Now in the hands of Biden’s DOJ, this clear case of selective prosecution by the US and its colluding vassal state, the UK, has been denounced by legal experts, a swath of trade unions and activists. And while one can reliably count on Canada’s public broadcaster to ignore grassroots campaigns, what’s remarkable is that the CBC’s reporting on this historic case sinks below even the corporate media’s degraded standards.

Turning to Iraq . . . 

When tens of thousands of young people took to the streets of Baghdad and towns and cities across southern and central Iraq in late 2019, one core demand resonated louder than any other — employment opportunities.

The country, which had only recently emerged from decades of tyranny, siege, war and insurgency, had delivered precious little for the generation of young Iraqis who came of age in the years after the fall of Saddam Hussein in 2003.

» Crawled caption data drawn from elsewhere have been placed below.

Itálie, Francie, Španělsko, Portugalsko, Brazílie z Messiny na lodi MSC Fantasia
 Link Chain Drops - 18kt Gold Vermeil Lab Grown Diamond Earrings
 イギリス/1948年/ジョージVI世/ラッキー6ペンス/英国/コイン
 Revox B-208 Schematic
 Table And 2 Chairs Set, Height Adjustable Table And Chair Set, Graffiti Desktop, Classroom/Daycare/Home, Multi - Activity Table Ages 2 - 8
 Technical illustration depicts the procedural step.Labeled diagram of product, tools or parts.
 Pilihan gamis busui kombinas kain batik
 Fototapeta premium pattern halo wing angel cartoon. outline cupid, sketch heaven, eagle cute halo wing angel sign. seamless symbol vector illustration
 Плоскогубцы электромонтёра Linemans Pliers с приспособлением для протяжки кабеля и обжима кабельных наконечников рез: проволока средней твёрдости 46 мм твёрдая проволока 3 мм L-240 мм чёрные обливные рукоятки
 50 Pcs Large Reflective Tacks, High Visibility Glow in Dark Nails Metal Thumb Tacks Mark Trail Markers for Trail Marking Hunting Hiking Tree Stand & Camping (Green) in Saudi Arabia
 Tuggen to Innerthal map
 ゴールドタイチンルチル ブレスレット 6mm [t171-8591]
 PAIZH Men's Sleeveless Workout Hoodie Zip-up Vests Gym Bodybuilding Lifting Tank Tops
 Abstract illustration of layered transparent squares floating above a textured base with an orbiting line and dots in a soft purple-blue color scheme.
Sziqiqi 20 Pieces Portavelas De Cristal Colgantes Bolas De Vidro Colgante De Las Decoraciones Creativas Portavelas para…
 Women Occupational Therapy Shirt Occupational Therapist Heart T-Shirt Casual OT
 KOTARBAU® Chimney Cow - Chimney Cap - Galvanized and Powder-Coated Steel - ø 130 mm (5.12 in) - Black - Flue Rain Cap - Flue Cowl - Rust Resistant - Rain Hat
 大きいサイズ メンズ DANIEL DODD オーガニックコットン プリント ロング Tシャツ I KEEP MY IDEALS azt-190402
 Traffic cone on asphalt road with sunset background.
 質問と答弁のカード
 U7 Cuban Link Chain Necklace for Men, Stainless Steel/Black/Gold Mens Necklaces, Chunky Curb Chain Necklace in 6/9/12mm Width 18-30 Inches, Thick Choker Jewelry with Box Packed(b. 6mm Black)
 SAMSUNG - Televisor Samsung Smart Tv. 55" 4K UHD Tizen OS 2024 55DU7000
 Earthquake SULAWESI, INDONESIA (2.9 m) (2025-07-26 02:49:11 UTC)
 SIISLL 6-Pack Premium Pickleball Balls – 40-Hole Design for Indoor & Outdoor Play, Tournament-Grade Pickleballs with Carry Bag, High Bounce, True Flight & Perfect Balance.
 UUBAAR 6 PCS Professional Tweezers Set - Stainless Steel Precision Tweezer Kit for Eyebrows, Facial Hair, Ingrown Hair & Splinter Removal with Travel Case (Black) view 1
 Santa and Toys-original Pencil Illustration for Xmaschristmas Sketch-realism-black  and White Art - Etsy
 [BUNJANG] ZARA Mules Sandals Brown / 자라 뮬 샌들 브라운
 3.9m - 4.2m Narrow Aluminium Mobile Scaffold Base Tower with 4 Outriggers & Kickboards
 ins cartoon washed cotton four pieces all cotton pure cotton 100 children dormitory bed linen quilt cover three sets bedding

Two years on from those protests, which fizzled out with the onset of the COVID-19 pandemic in early 2020, and under the brutal heel of repression meted out by Iraq’s powerful militias, young Iraqis say nothing has changed.

“If anything we’re worse than when we started,” Rashid Mansour, a hairdresser from west Baghdad, told Arab News. “Neither me nor my cousins can afford to stay here. We all work part time. Just like the country, we’re all just getting by.”

Nothing's changed.  And it doesn't appear anything will change anytime soon.  There's talk that Iraq's prime minister will remain the same -- despite the October 10th elections.  The PUK is isnisting that the president of Iraq remain the same person and already the previous leader of Parliament has again been named Speaker.

What was the point of even holding elections?